California Treasurer calls for fee disclosure legislation

John Chiang urges CalPERS and CalSTRS to work with him to 'mop up another private equity industry mess'.

California State Treasurer John Chiang has waded into the fee debate with a strongly-worded letter to CalPERS and CalSTRS investment committees demanding better fee transparency from their general partners.

In a letter addressed to the investment committee chairs Henry Jones of the California Public Employees’ Retirement System (CalPERS) and California State Teachers’ Retirement System (CalSTRS) Sharon Hendricks, Chiang called on them to work with his office to develop state legislation to enforce fee disclosure by private equity firms.

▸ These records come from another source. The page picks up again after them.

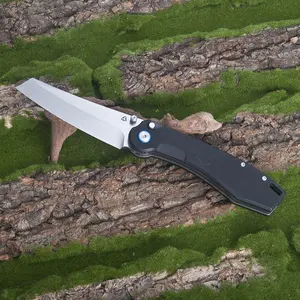 Folding Pocket Knife, D2 Steel Blade and Black G10 Handle, Small EDC Knife with Pocket Clip for Camping Hiking Outdoor Gifts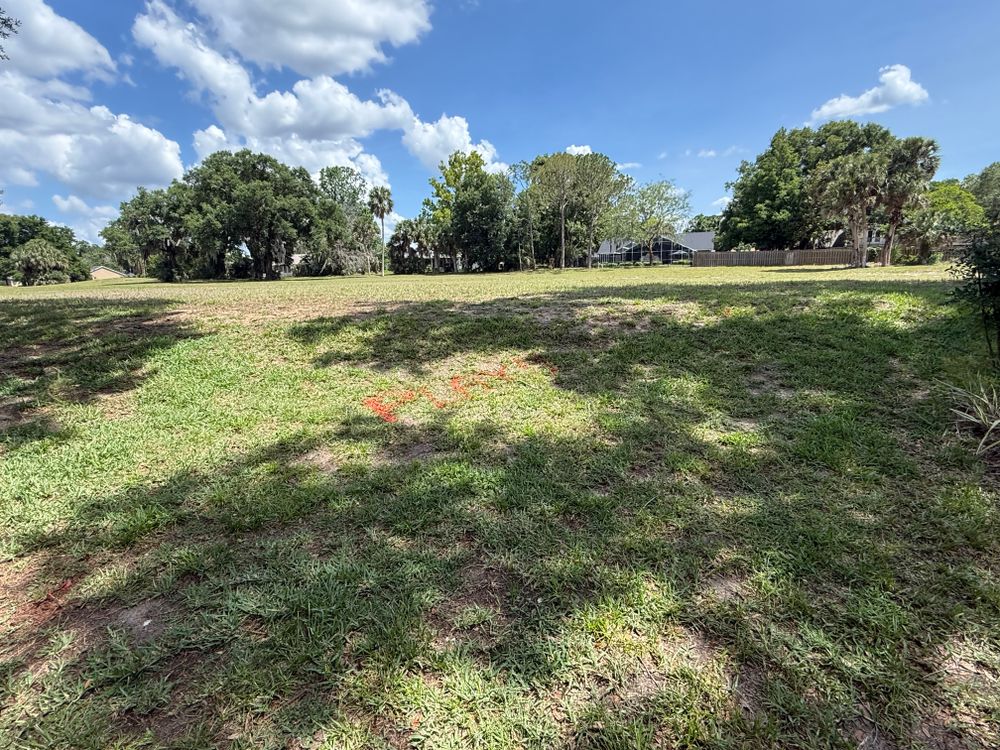 All Photos for Amerigrown Tree And Lawn in Apopka, FL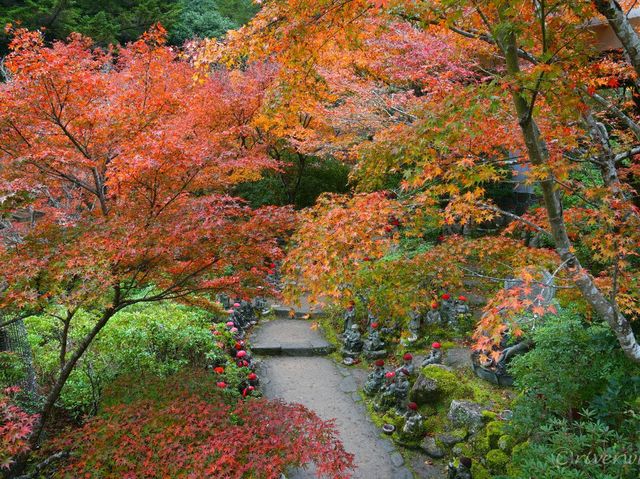 【広島県】世界遺産の安芸の宮島の古刹！紅葉絶景の大聖院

Chiang wrote that in the absence of federal rules, state law should require firms to disclose all fees charged to California public pension funds. Disclosure requirements would cover gross management fees, management fee offsets, fund expenses, carried interest and all other fees as well as related party transactions, the letter said.

He urged CalPERS and CalSTRs to work with him to “mop up another private equity industry mess”. The letter noted that the parties had already worked together in 2010 to clean up the pay-to-play placement agent scandals.

Limited partners pay “excessive fees” and do not have sufficient visibility into the nature and the amount of those fees, the letter noted.

Public funds trustees “have a duty to maximise investment returns in order to ensure promised benefits are adequately funded and to minimise taxpayer costs,” Chiang wrote. Fees paid to GPs reduce returns and public funds must include PE fees and expenses in their annual reports.

The letter said that “despite positive performance the profit strategies private equity firms employ too often run counter to the values of public fund trustees and their constituents, particularly with respect to the lack of transparency and detail in how much it costs our pension systems to invest in their products.”

Private equity funds have “aggressively courted public pension fund dollars and have profited tremendously”, Chiang wrote, but conceded that public pension funds “have also benefitted from returns that have consistently exceeded projections and outperformed other asset classes.”

He acknowledged work already undertaken by the two funds and the Institutional Limited Partner Association (ILPA) to require GPs to disclose fees, but called for more to be done.

The discussion about fee disclosure has centred around CalPERS and CalSTRS, which have both acknowledged difficulties tracking fees.

Chiang’s letter comes just days after Blackstone Group agreed to pay close to $39 million to settle charges that it failed to fully disclose accelerated monitoring fees for portfolio companies of three funds.ILPA is developing a standardised template for LPs to track the fees, expenses and carried interest charged, as reported by sister publication Private Equity International.